The Board and Board Committees

BOARD OF DIRECTORS



The Board comprises four Independent Non-Executive Directors, two Non-Independent Non-Executive Directors, one Non-Independent Non-Executive Alternate Director to Mr. Desmond de Beer and four Executive Directors. The roles of Chairperson and Chief Executive Officers (‘CEO’) are clearly separated to ensure a balance of power and prevent any director from exercising unfettered powers of decision-making. The Board meets regularly and is responsible for strategy, approving major matters, performance and the framework of internal controls. The Board has a formal schedule of matters specifically reserved to it for decision. Responsibility for the day-to-day operational management of subsidiary companies is delegated to the management. The directors’ varied backgrounds and experience gives NEPI Rockcastle a good mix of the knowledge and expertise necessary to manage the business effectively. Further to this, a clear division of responsibilities at Board level is in place to ensure a balance of power and authority, such that no one individual has unfettered powers of decision-making.


Directors are appointed by the Board or at the annual general shareholders’ meeting. Board appointed directors need to be re-appointed by the shareholders at the company’s next annual general meeting. The longest serving third of the directors must be re-appointed by the shareholders annually. Board appointments are conducted in a formal and transparent manner by the Board as a whole, following recommendations made by the Nomination Committee.


Remuneration policy is aligned with the strategic objectives of the Group to create long-term sustainable value for shareholders.

Executive salaries are competitive and increases are determined with reference to individual performance, inflation and market-related factors.

Participation in the Share Incentive Plan is restricted to key employees and Executive Directors and their nominees. Directors’ Share Incentive Plan awards are set annually by the Remuneration Committee, based on individual performance. The Remuneration Committee acts in accordance with the pre-set terms of its Charter.

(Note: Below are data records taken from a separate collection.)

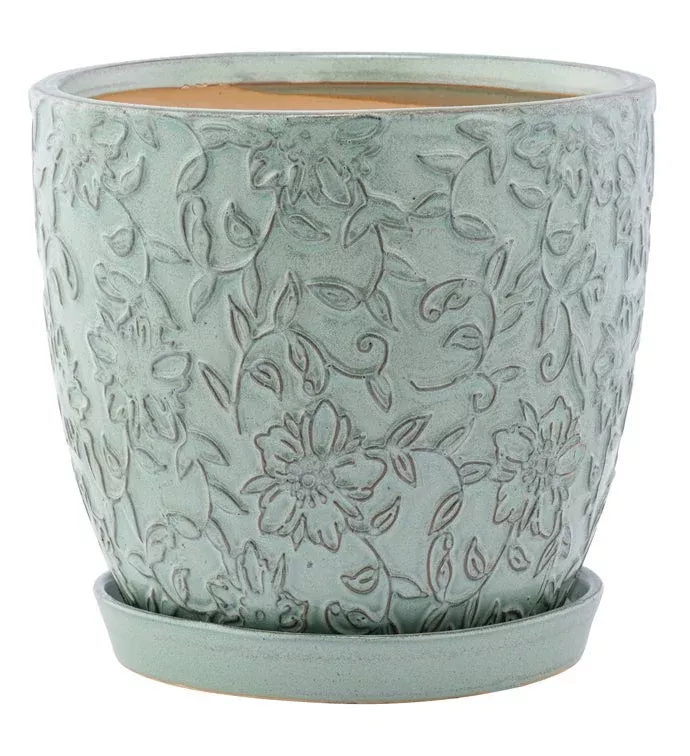 Blue Vine Pot With Saucer | Large | Napco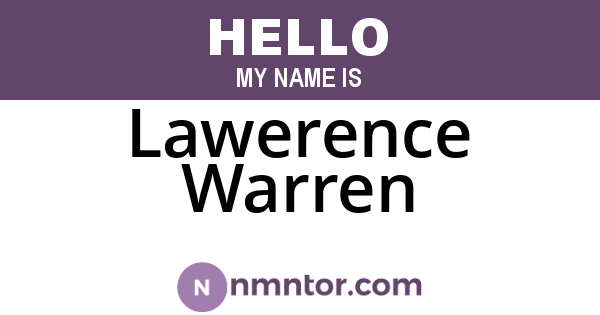 Lawerence Warren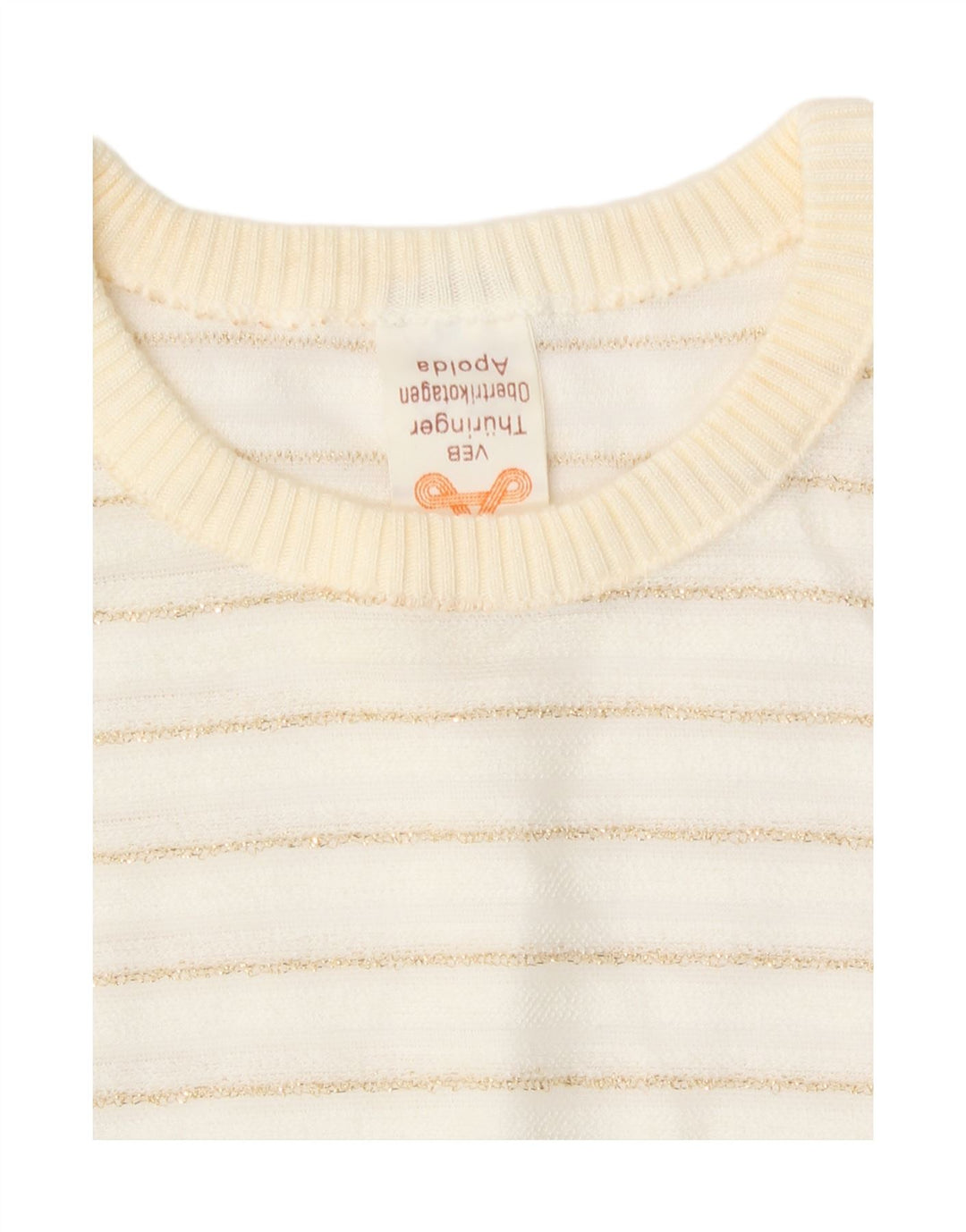 Pulover vintage pentru femei cu decolteu rotund EU 42 mare cu dungi albe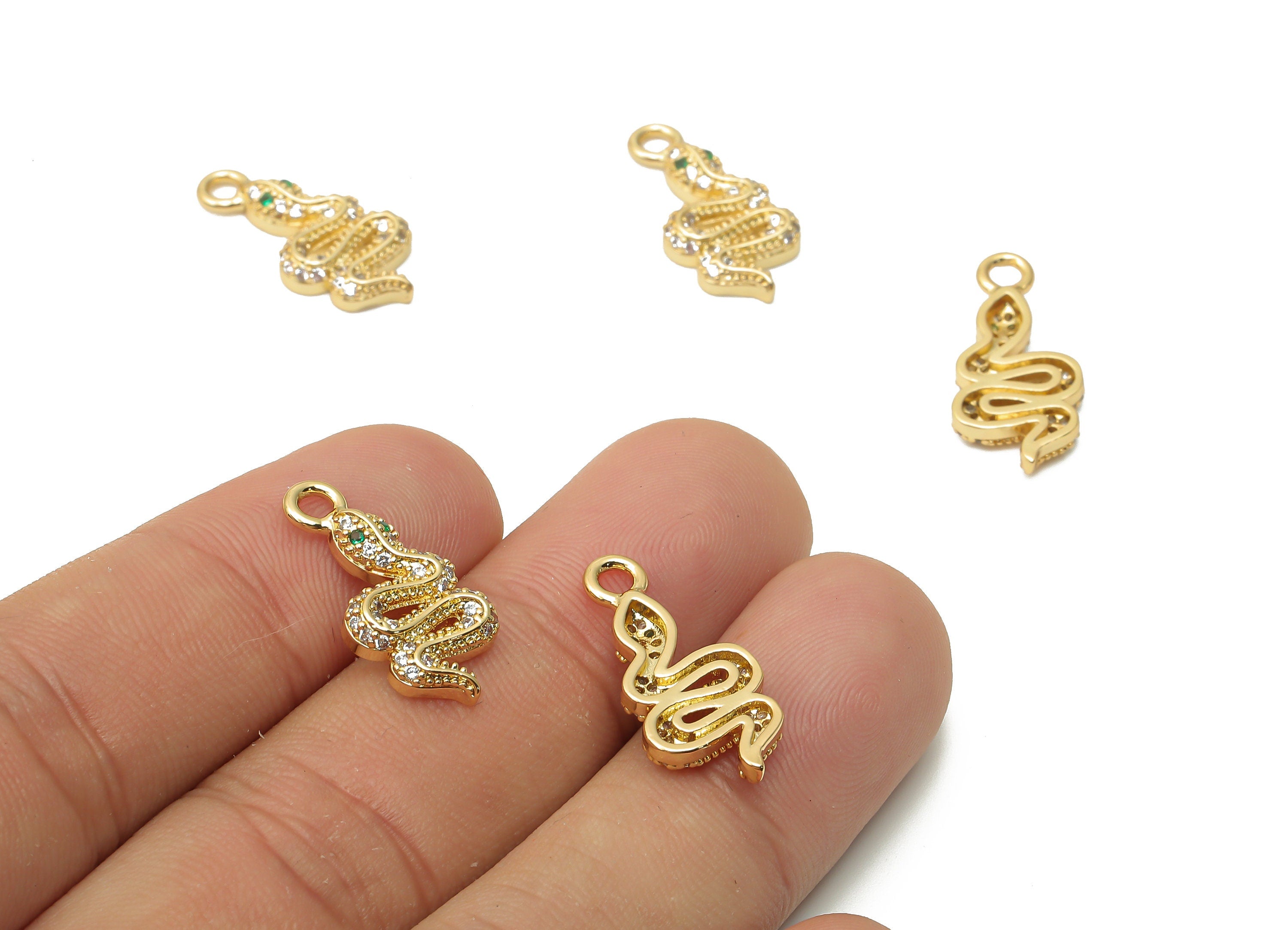 Brass Green Eye Snake Earring Charms - Brass Dot Snake Pendant with Zircon - For Necklace - 18K Real Gold Plated -21.93x10.03x3.16mm-RGP4916 - DOMEDBAZAAR
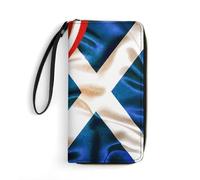 Leather Wallet Vintage America and Scotland Scottish Flag 2 Women's Wallets Card Case Women Card Case Soft Genuine Leather Wallets for Friend, Evening Party, Mother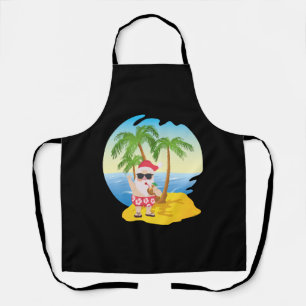 Delantal Navidades Tropical Beach Funny Santa Claus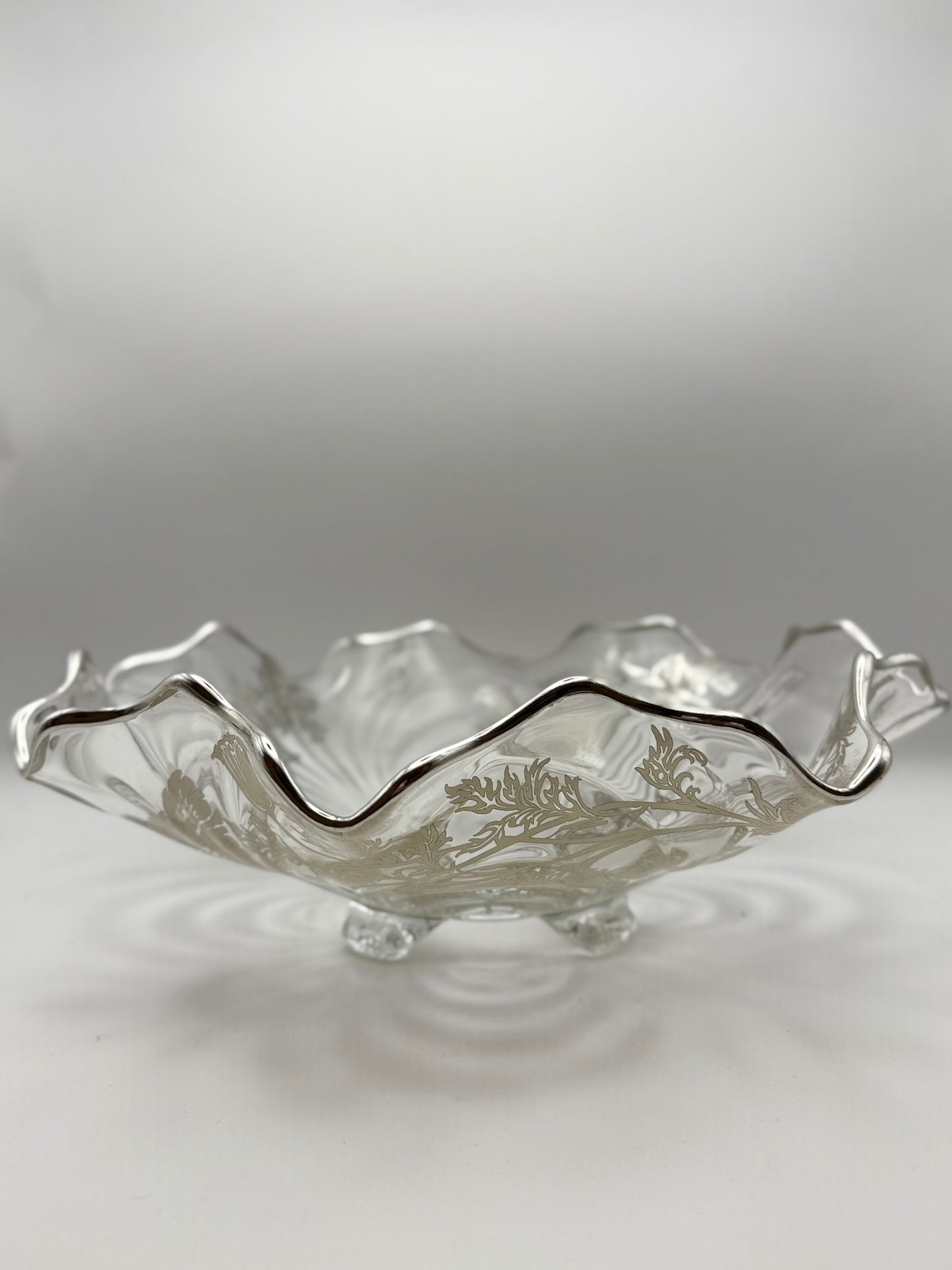 Sterling Overlay 11” Footed Bowl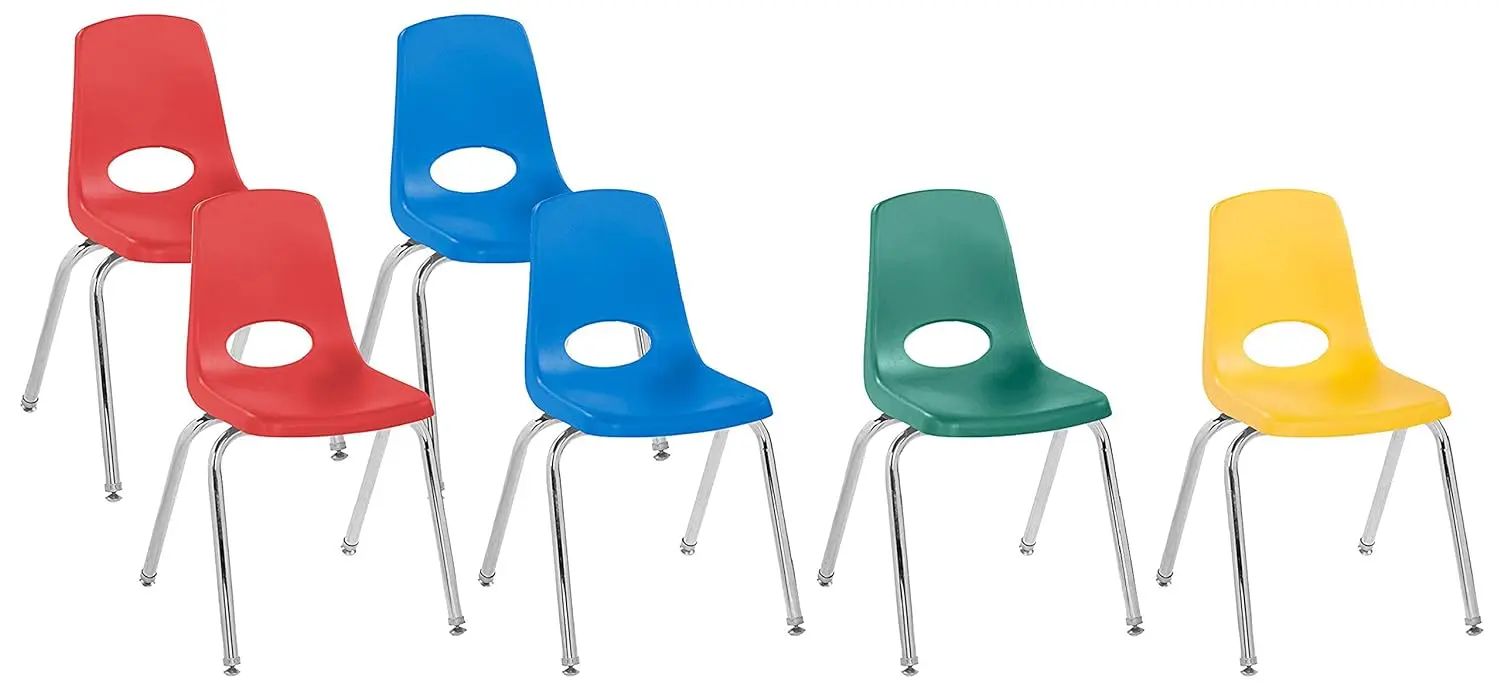 

Factory Direct Partners 10370 16" School Stack Chair, Stacking Student Seat with Chromed Steel Legs and Nylon Swivel Glides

Dealing in company’s securities by directors, their associates, and company officials is regulated and monitored in accordance with the JSE Listings Requirements and Euronext Amsterdam requirements. NEPI Rockcastle maintains a closed period from the end of a financial period to the date of publication of the financial results.

BOARD SUB-COMMITTEES



Members: Desmond de Beer (Chairman), Alex Morar, Spiros Noussis, Robert Reinhardt Emslie and Andre van der Veer
The Investment Committee considers all acquisitions, sales of investments and capital expenditures that support the mission, values, and strategic goals of the Group. Appropriate investments or disposals are then presented to the Board for consideration and approval.


Members: Andre van der Veer (Chairman), George Aase and Antoine Dijkstra
The Audit Committee, comprising three independent non-executive directors, meets at least four times a year and is responsible for ensuring that the financial performance of the Group is properly reported on and monitored, including reviewing the annual and interim accounts, results announcements, internal control systems and procedures and accounting policies. The Audit Committee considers the appointment and fees of the external auditors and discusses the scope of the audit and its findings.


Members: Andre van der Veer (Chairman), George Aase, Robert Reinhardt Emslie
The Remuneration Committee, comprising three directors, assesses and recommends to the Board the remuneration and incentivisation of the Group’s management.


Members: Antoine Dijkstra (Chairman), Andre van der Veer, George Aase
The Risk Committee, comprising four directors, oversees the development and implementation of the Group’s risk management policy, and assumes overall responsibility for the Group’s system of internal controls.


Members: Robert Reinhardt Emslie (Chairman), Desmond de Beer and Sipho Vuso Majija
The Nomination Committee, comprising three directors, assists the Board in identifying qualified individuals to become Board members and recommends on the composition of the Board.


Members: Antoine Dijkstra (Chairman), Sipho Vuso Majija and Marek Noetzel
The Social and Ethics Committee oversees and reports on the group’s organisational ethics, responsible corporate citizenship and sustainable development and stakeholder relationships.